A comedy zombie movie. Despite the satire in Romero’s work and a few interesting other attempts over the years, it can only really bring four words to mind – Shaun of the Dead. Ruben Fleischer’s directorial debut feature will be unavoidably compared to Edgar Wright‘s 2004 masterpiece. But aside from the subject matter, the two films are quite different, with this just as all-American as “Shaun” is quintessentially British.
One thing they do have in common is that they manage to get the humour/horror ratio exactly right. The laughs keep coming, but rarely feel shoehorned in. The danger feels real, you’ll care about the characters and really hope they make it.
Jesse Eisenberg stars as a geek who managed to survive the first few months of the apocalypse mainly due to having no friends to be attached to, and a list of rules (such as Rule #18 – always limber up) that he has rigidly stuck to at all times. By this point, everyone else in his college town has been turned into ravenous killing machines, so he tries to make his way back home to Columbus, Ohio to see if his parents are still around. He’s heard that things are better out West, although it’s just as likely that people in the West have heard it’s better in the East. On his journey, he meets Woody Harrelson’s intimidating redneck, a man who seems to relish Armageddon as a chance to enjoy new and interesting ways to slay zombies. They decide not to tell each other their names, to avoid any attachment in case the worst happens, instead referring to each other by the places they’re heading to, Columbus and Tallahassee.

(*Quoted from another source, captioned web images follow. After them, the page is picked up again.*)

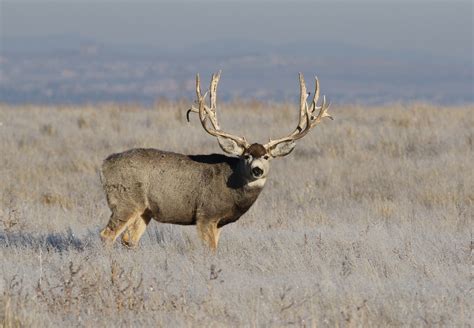 Big Mule Deer Buck By Earl Nelson Ubicaciondepersonascdmxgobmx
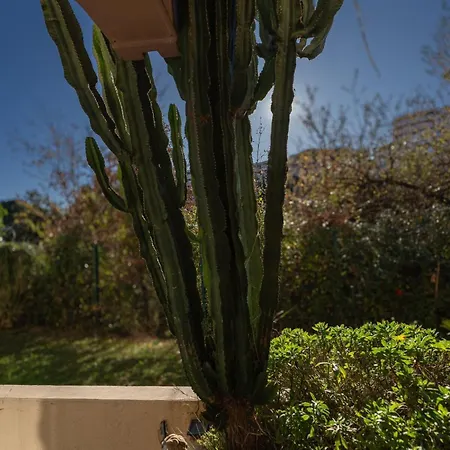 Le Botanique شقة نيس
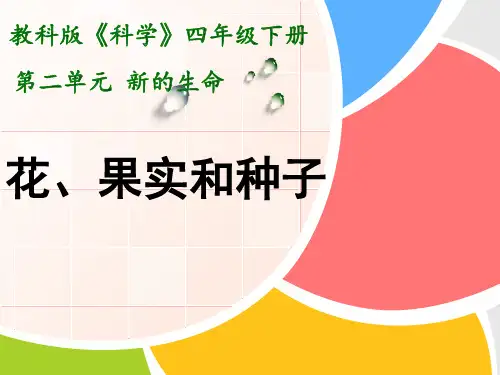 四年级下 花 果实和种子教科版ppt 优质课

The stylish blood-splattered opening title sequence, set during the earlier days of the outbreak, gives the impression that the film is going to be particularly gruesome. Set to Metallica’s “For Whom the Bell Tolls”, the spectacular use of slow motion as the flesh-eaters chase down their victims allows us to see every drop of blood spew from their mouths. It’s impossible to deny that this sequence is beautifully shot, but the blood and gore is unrelenting.

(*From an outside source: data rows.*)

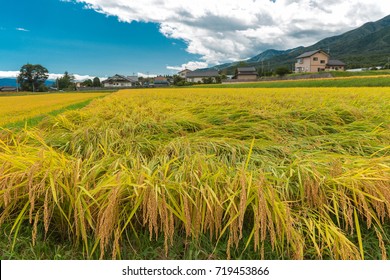 Rice Field After Typhoon In Nagano Prefecture, Japan.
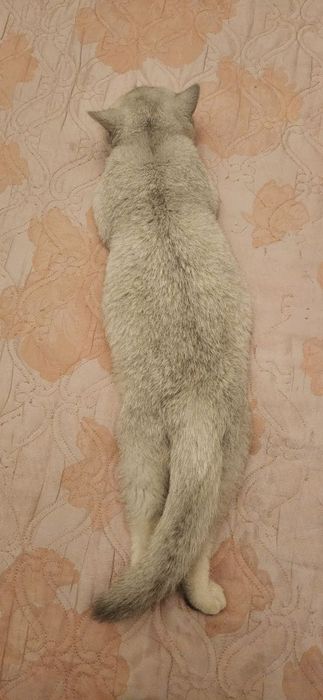 британский короткошерстный котенок окраса серебристая шиншилла.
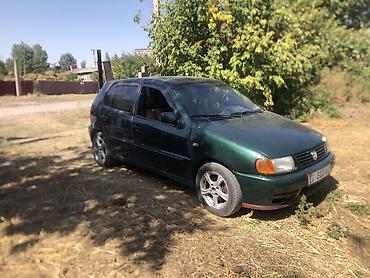 муссо спорт: Volkswagen Polo: 1999 г., Хэтчбэк — 7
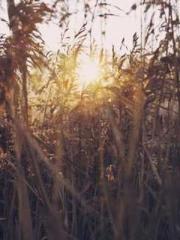 lt;The misfortune of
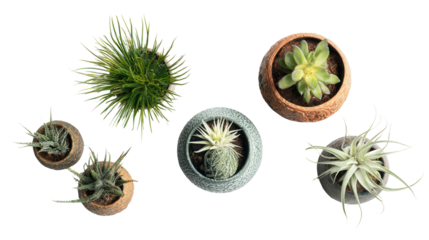 Trendy Indoor Plants: A flat lay of trendy indoor plants like succulents and air plants in decorative pots, isolated on a Transparent background, PNG file.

But in fact, most of the movie is not so grisly. Yes, there are the occasional encounters with zombies, with the usual scenes of them feasting on flesh and at times suffering quite brutal deaths, but at one point when Tallahassee is about to use his most horrific method of dispatching the undead, the camera looks away.

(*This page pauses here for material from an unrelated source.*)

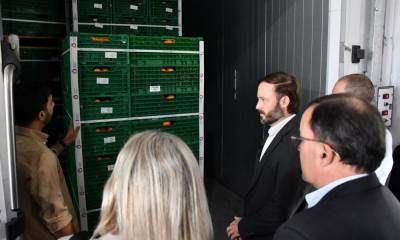 Producción citrícola regional llega al mercado ecuatoriano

For long parts of the film you even forget the zombies exist, and it becomes a road movie, as the pair travel across America. Along the way they try to sate Tallahassee’s craving for some Twinkies, and during one trip to the supermarket they meet two more survivors, Superbad’s Emma Stone and her little sister played by Little Miss Sunshine herself, Abigail Breslin. The girls (who go by the pseudonyms Wichita and Little Rock) are very suspicious and distrusting at first but events conspire to ensure that the four end up on the road together.
Eisenberg, who will instantly remind you of Michael Cera, is the perfect guide to the post-apocalyptic world. A likeable loser, without the social skills to deal with humans but perfectly equipped when it comes to the undead, it’s impossible not to root for him as he makes his way across America. Harrelson strikes just the right tone throughout, menacing the first time we meet him, utterly loveable by the end.
Zombieland contains possibly my favourite cameo of all time. I won’t spoil the fun by telling you who it is, but the surprise appearance is the absolute highlight of the film and made for some of the most raucous laughter I’ve heard in a cinema for a long time.
In the final act, things rightfully get a little less funny and more action-packed, as the zombie population increases and the situation gets more serious. Full of great set-pieces and still a few hints of fun (including an example of the scariest possible type of zombie you could ever imagine), it’s a great ending to a film that is surely destined to a cult favourite to come back to time and again.
The best zombie movie since Shaun of the Dead – a crown that the film adaptation of World War Z should take when it’s released – and possibly the funniest film of 2009, Zombieland is bloody good fun*.